It is rather a bored little community, Manpur. I think they are all pretty sick of each other, and one can’t wonder. Even an Archangel would pall if one met him at tea, played tennis with him, and sat next him at dinner almost every day of the year; how much more poor human beings—and Anglo-Indian human beings at that. Taken separately they are delightful, but each assures us that the others are quite impossible. They unite in being shocked at our living in such discomfort, and have all invited us to stay; but it isn’t worth while to change our quarters. Besides, we are going away for the week-end to some friend of Boggley’s who lives about thirty miles from here.
A nice little young civilian is at present calling on us. He came to pay his duty call, and he and Boggley became so deep in Oxford talk, and found so many mutual friends, that we asked him to stay to dinner. Autolycus told me in a stage whisper that the Sahib could easily stay as the dak-bungalow cook was very good, and that we would get quite a Calcutta dinner. His pride, as he bore in the dishes, was beautiful to see; and it was a good dinner, though rather tinny.
Manpur, Thursday 12th.
This delayed letter must be posted before we leave by the night train for our next trek. We came back late last night from Misanpore after a nice but very queer time. On Saturday, when, after a long dusty drive of eight miles from the station, we arrived at the bungalow of Boggley’s friend, there was every evidence that no visitors were expected. Just think! Boggley had never let him know we were coming; the poor man was ignorant of the fearful joy in store for him.

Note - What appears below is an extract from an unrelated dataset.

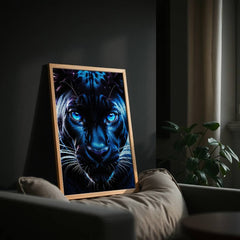 Blue Neon Panther | Fierce Jungle Cat Wall Art Print - Print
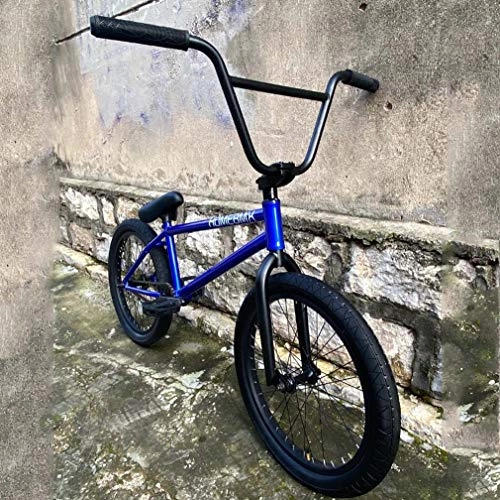 BMX : LJLYL Profession 20-Zoll-BMX-Fahrrad für Jugendliche, Erwachsene und Anfänger bis Fortgeschrittene, Cr-Mo-Stahlrahmen, Gabel und 9, 3-Zoll-Lenker, 25X9T-Getriebe, blau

I gripped Boggley by the arm. “Wretch,” I hissed in his ear. “Why didn’t you write? What sort of man is he? Will he hate having me?”
“Qui hai?” bellowed Boggley to the deserted-looking bungalow. Then, turning to me, “Oh yes, he’ll hate it,” he said calmly; “but he’ll be pleased afterwards.” I could have shaken him. Making me play the part of a visit to the dentist!
When our host appeared, very dishevelled (it turned out that he was feeling far from well and had been lying down), and beheld me, dismay was written large on his countenance. He glared round in a hunted way, and it looked as if he were going to make a bolt for it; but he remembered in time his manhood, and faced me. (His name is Ferris, and he is tall and bald, and about forty, and so shy that when he blushes his eyes water.) Somehow, we all got inside the house, and Boggley and I sat in the drawing-room while Mr. Ferris rushed out to summon his minions and make arrangements. We heard a whispered discussion going on about sheets, and I longed to tell my distracted host that I had all my bedding with me in a strap; but the thought that he might consider me “ondelicate,” like Mr. Glegg, deterred me. Presently I was shown into what, only too evidently, was our host’s own room, for a servant snatched away some last remaining effects of his master—a spatter-brush and a slipper—as I entered. I sat down on the bed and pondered over what I would have felt had I been a man, and shy, and seedy, and a strange female had been suddenly shot into my peaceful home.